⟨
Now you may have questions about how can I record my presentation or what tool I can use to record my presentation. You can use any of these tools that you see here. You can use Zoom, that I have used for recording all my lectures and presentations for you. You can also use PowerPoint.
⟩
⟨
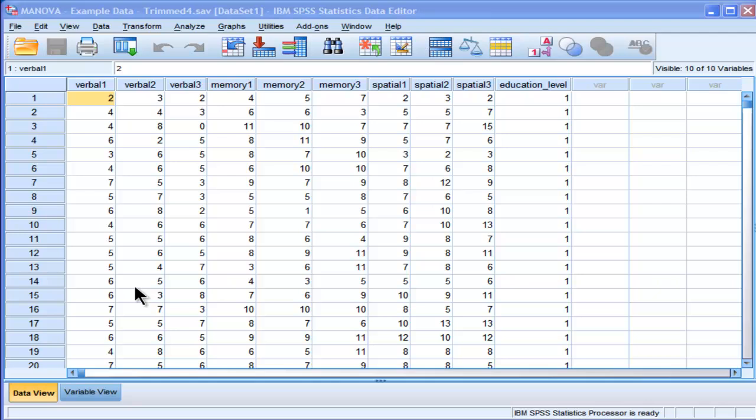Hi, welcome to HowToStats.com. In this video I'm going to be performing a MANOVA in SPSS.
⟩
⟨
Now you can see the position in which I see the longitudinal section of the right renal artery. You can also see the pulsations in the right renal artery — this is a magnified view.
⟩
Show all lines from the data above in which the word "also" appears.

- _Solution_
Now you may have questions about how can I record my presentation or what tool I can use to record my presentation. You can use any of these tools that you see here. You can use Zoom, that I have used for recording all my lectures and presentations for you. You can also use PowerPoint.
Now you can see the position in which I see the longitudinal section of the right renal artery. You can also see the pulsations in the right renal artery — this is a magnified view.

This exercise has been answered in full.